Your goal = Repeat exactly the lines of the material below that run from the "Wireless Lavalier Microphone" line to the "Boluspor, Sarıyer Deplasmanında Çıkış Arıyor" line, including both, and do not carry over any pictures.

:: Records for processing ::

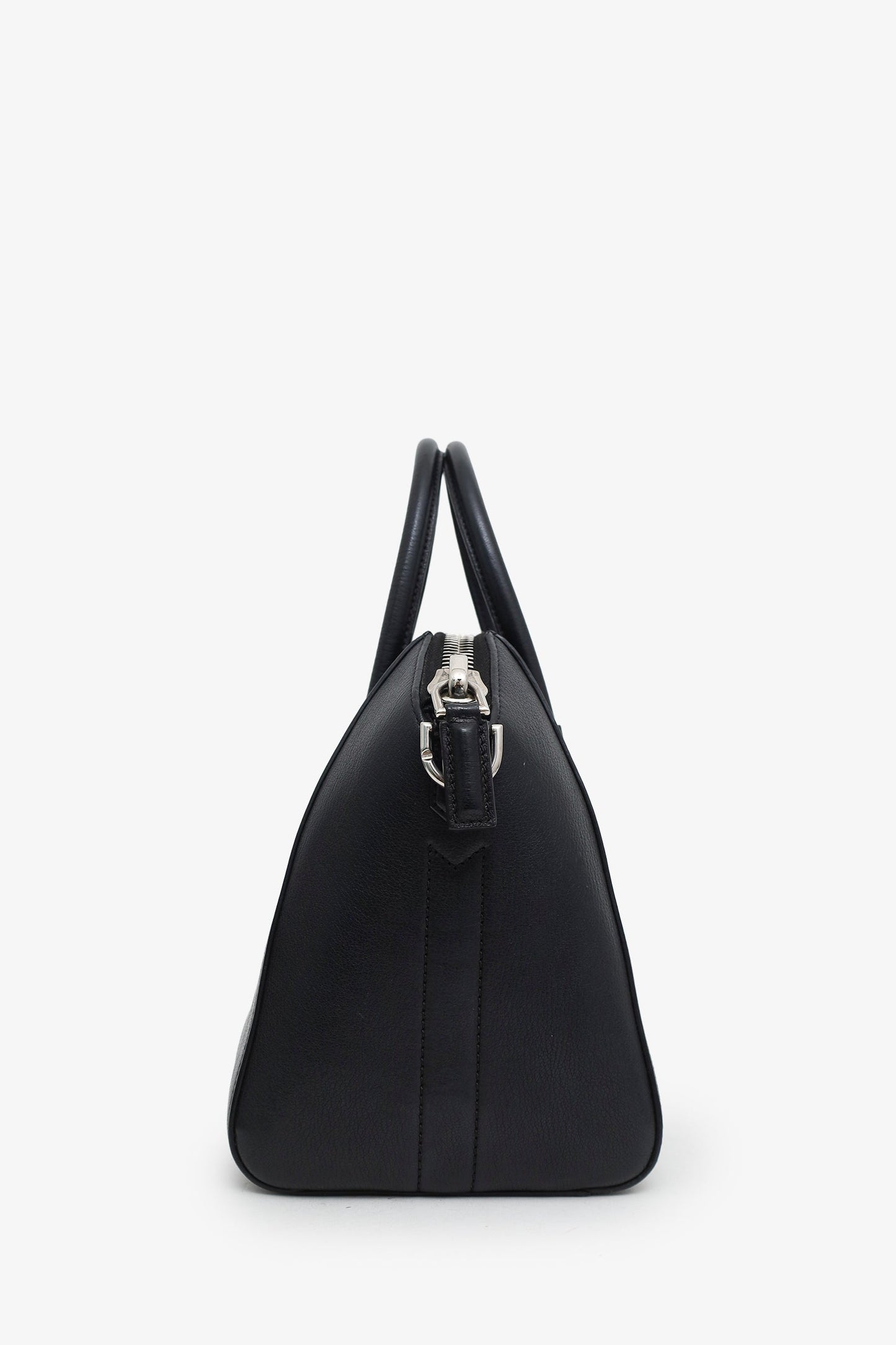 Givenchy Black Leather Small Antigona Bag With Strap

:::
:: Records for processing ::

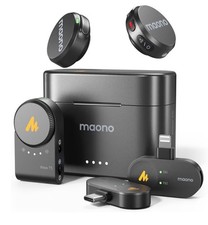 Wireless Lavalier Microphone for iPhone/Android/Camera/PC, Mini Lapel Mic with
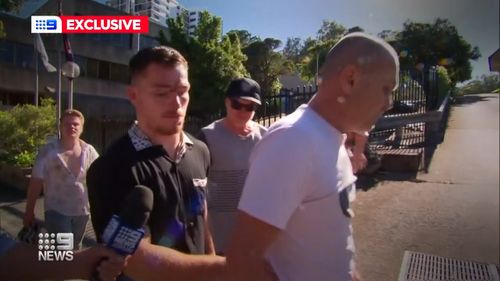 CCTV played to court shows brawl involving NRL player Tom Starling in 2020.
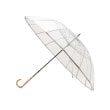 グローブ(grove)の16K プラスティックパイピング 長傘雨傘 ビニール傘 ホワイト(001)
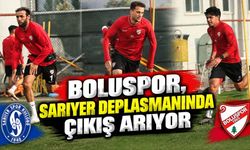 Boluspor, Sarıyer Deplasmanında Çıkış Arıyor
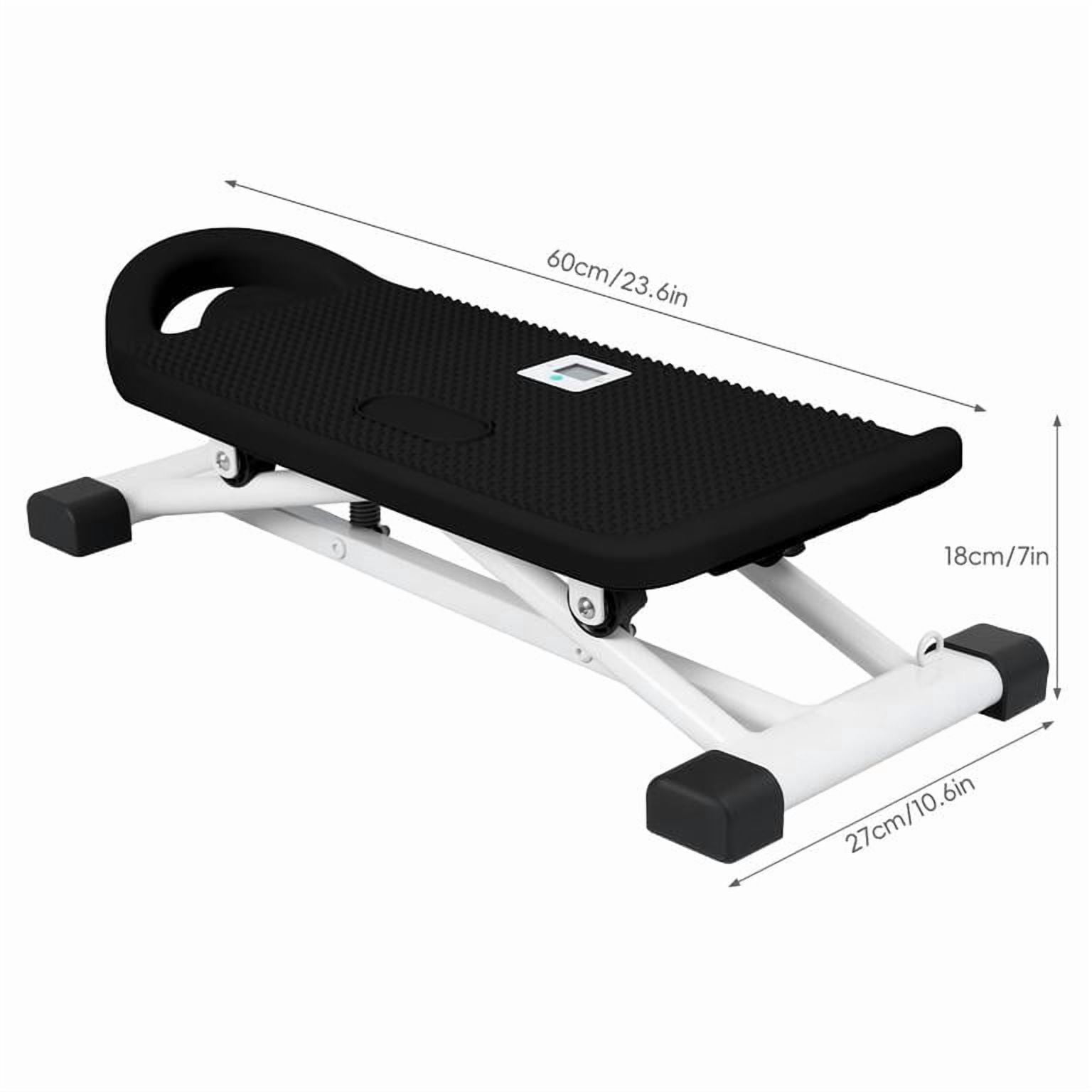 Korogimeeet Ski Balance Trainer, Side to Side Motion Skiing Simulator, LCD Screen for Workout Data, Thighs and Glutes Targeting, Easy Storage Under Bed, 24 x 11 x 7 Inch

:::

Reply =
 Wireless Lavalier Microphone for iPhone/Android/Camera/PC, Mini Lapel Mic with
 CCTV played to court shows brawl involving NRL player Tom Starling in 2020.
 グローブ(grove)の16K プラスティックパイピング 長傘雨傘 ビニール傘 ホワイト(001)
 Boluspor, Sarıyer Deplasmanında Çıkış Arıyor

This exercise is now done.